ACTION ITEM: Once you reach the line with "Limited edition crystal", transcribe it and every line after it to the end of the records, exactly, but not the pictures.

DATA RECORDS:
####

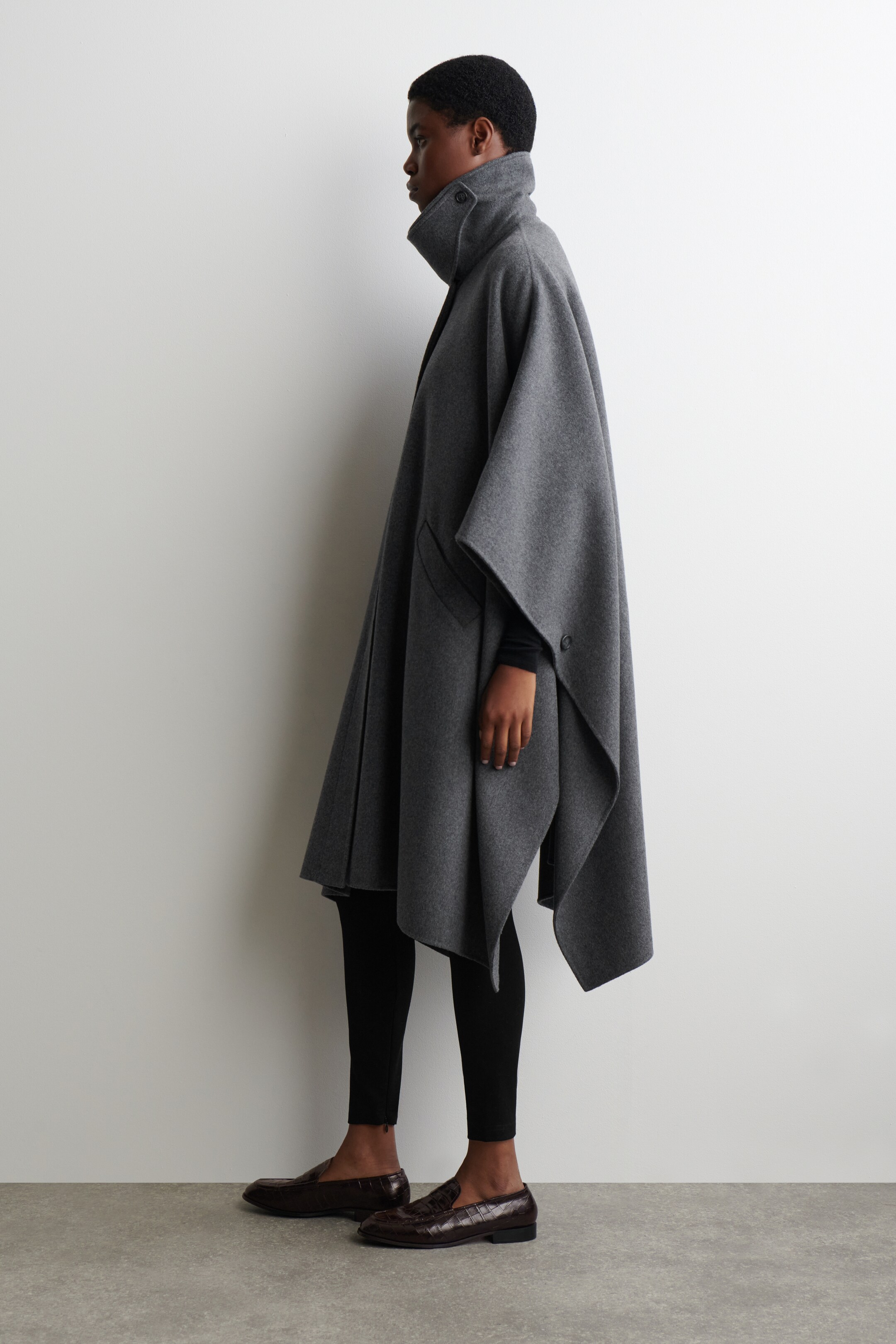 Agrandir l'image: Une cape grise est présentée de profil, dotée d'un col droit haut avec une seule fermeture à bouton. Elle présente une coupe ample et fluide avec un ourlet asymétrique et une poche plaquée visible, drapée sur des manches longues noires et des leggings.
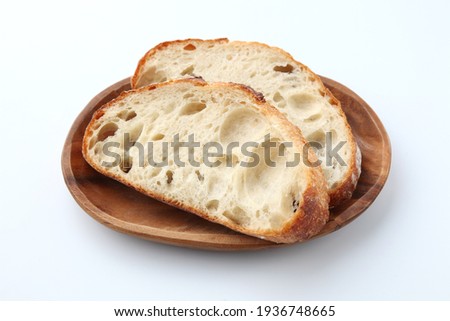 sliced french bread pain de campagne isolated on white background
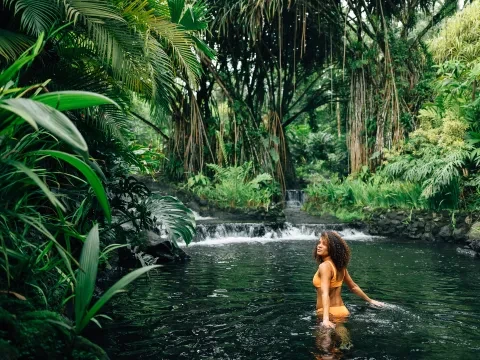 Femme marchant dans une source dans la jungle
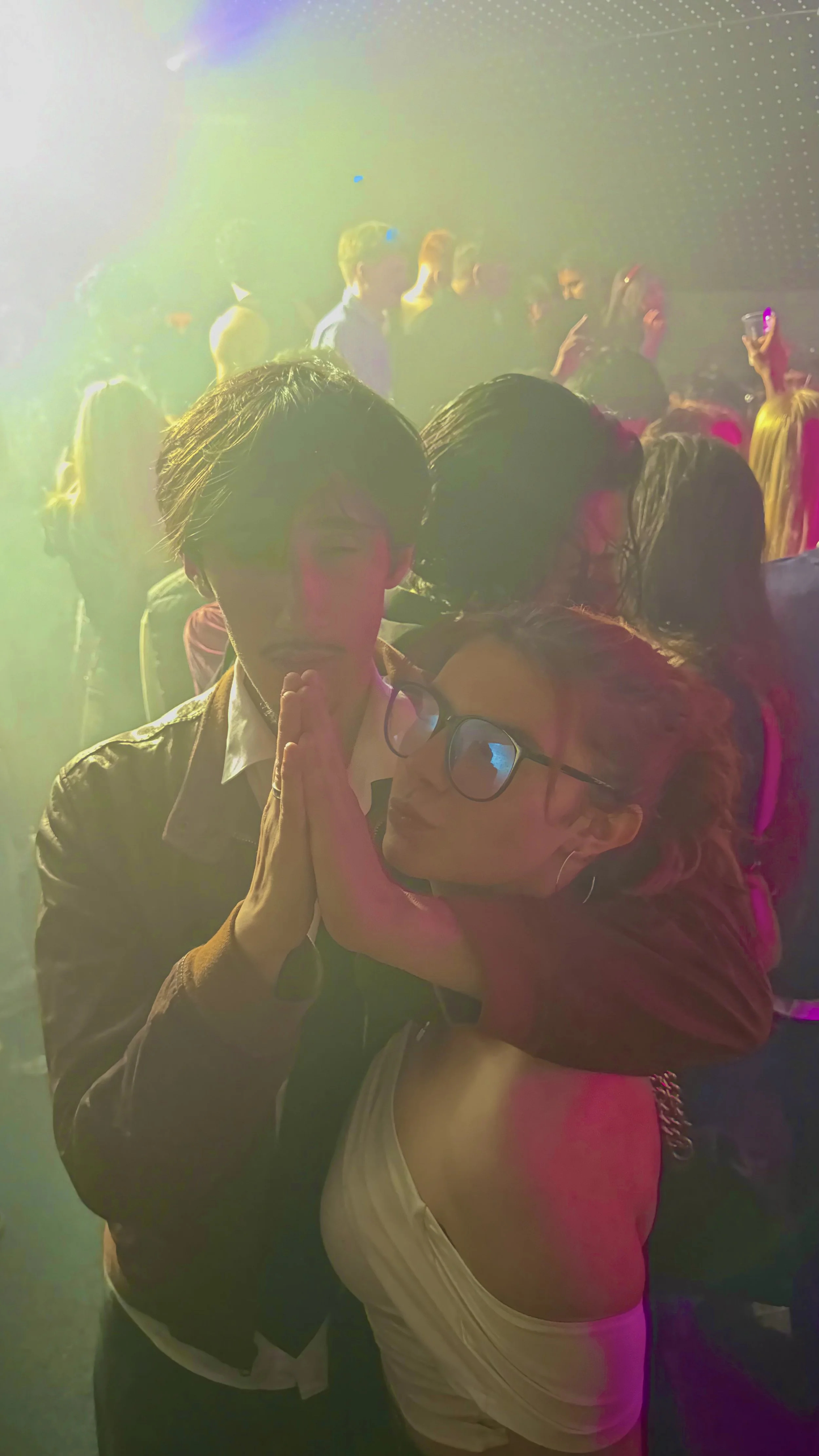 A man and a woman with glasses, standing close together with their hands pressed together in a praying pose at a crowded club or club with colorful lighting. Lightbox London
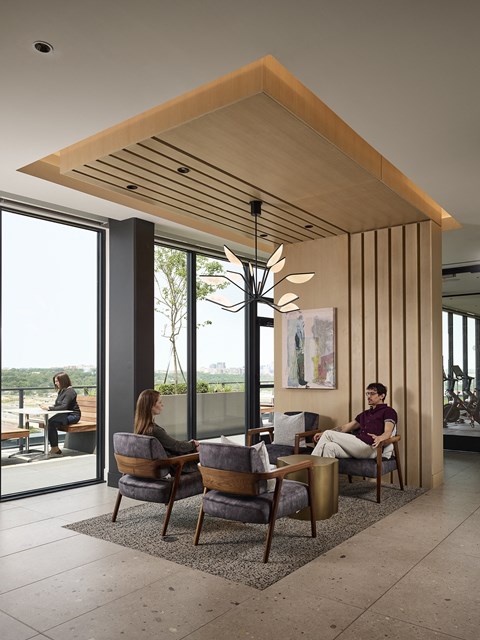 a room filled with furniture and a large window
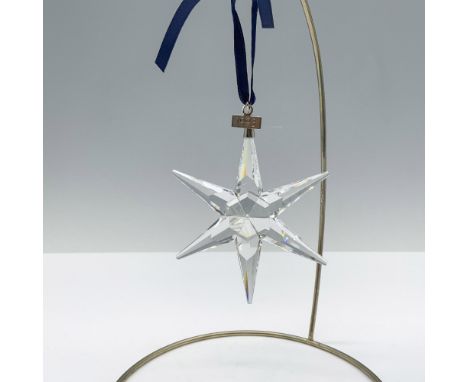 Limited edition crystal ornament with a metal tag reading 1993 as well as 6 points with flat ends that all together form an e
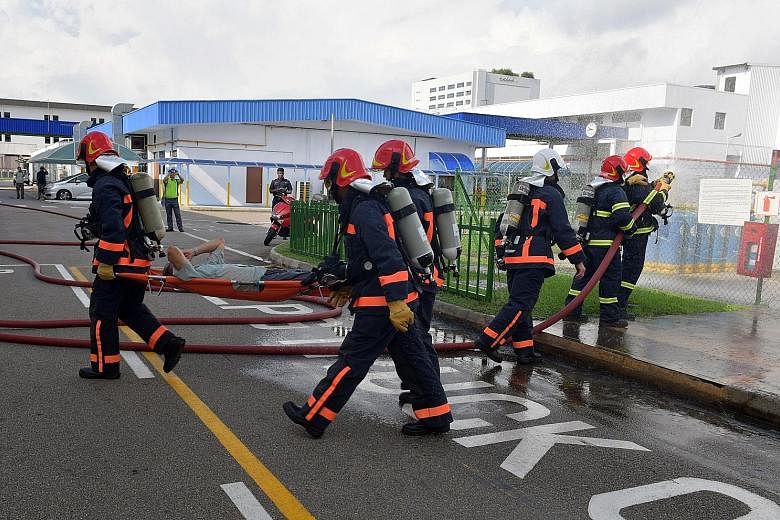 A "casualty" being evacuated from the premises of Panasonic Appliances Refrigeration Devices Singapore in Bedok South Road during yesterday's terrorism drill, which involved the in-house Company Emergency Response Team, police and the Singapore Civil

####

ANSWER SPACE:
 Limited edition crystal ornament with a metal tag reading 1993 as well as 6 points with flat ends that all together form an e
 A "casualty" being evacuated from the premises of Panasonic Appliances Refrigeration Devices Singapore in Bedok South Road during yesterday's terrorism drill, which involved the in-house Company Emergency Response Team, police and the Singapore Civil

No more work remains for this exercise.